Software is eating the world
Here's two quotes to illustrate one of the reasons I'm taking a coding bootcamp:
'Software is eating the world'. This phrase was coined in 2011 by tech investor, Marc Andreessen. In essence, this prescient statement forecasted the emergence of software companies' disruption of traditional industries (e.g. Airbnb, Amazon, Netflix). Look around you, things are becoming increasingly digitized. It's part of an ecosystems humans created.
One of my favorite quotes is Arthur C. Clarkes' "Any sufficiently advanced technology is indistinguishable from magic." My observation has been, that at the rate that technology is advancing, that to many, it does start to feel like magic.

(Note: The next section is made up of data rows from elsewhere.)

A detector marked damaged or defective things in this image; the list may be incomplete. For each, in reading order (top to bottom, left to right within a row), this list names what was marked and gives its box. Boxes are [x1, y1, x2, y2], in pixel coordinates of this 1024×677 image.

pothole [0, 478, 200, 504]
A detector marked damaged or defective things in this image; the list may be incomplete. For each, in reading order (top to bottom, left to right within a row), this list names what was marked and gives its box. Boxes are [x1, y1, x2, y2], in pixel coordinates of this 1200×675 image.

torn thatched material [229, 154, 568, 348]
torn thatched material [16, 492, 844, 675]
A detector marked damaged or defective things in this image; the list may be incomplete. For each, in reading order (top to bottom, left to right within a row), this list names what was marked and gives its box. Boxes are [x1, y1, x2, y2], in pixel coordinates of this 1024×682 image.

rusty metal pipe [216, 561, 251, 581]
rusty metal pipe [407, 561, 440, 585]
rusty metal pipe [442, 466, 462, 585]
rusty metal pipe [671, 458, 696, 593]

Thinking something is magic when its learnable and explainable is a potentially dangerous thing. At best, it creates a dichotomy between those who are technologically conversant and those who are not. At worst, it creates a growing segment of the population who are increasingly lost in a world that is digitizing at a breakneck speed.

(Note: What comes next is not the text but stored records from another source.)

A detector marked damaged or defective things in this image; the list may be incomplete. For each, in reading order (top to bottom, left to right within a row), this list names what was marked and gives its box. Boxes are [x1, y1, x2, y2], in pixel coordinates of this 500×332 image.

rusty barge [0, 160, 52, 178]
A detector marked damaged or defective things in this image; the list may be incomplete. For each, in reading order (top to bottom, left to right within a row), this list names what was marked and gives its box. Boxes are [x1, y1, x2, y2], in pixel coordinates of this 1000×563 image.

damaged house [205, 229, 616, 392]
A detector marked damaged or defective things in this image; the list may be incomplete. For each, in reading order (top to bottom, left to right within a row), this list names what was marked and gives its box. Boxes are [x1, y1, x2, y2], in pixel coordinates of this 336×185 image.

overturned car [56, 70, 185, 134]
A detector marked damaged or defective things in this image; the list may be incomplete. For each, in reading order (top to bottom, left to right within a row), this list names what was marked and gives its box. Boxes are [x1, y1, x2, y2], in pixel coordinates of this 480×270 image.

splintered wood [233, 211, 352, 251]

I'm increasingly noticing a digital capability gap: Traditional workers who view technology as an add-on; Leaders and decision makers increasingly make flawed and hasty decisions as they don't understand how technology magnifies both well-thought out approaches as well as flawed ideas.
So, one reason that I'm taking a coding bootcamp is to peer behind the wizards' curtain. Through modernizing some old programming skills, I'm aiming to feel like I'm an active participant in the digitization of the world rather than a passive observer.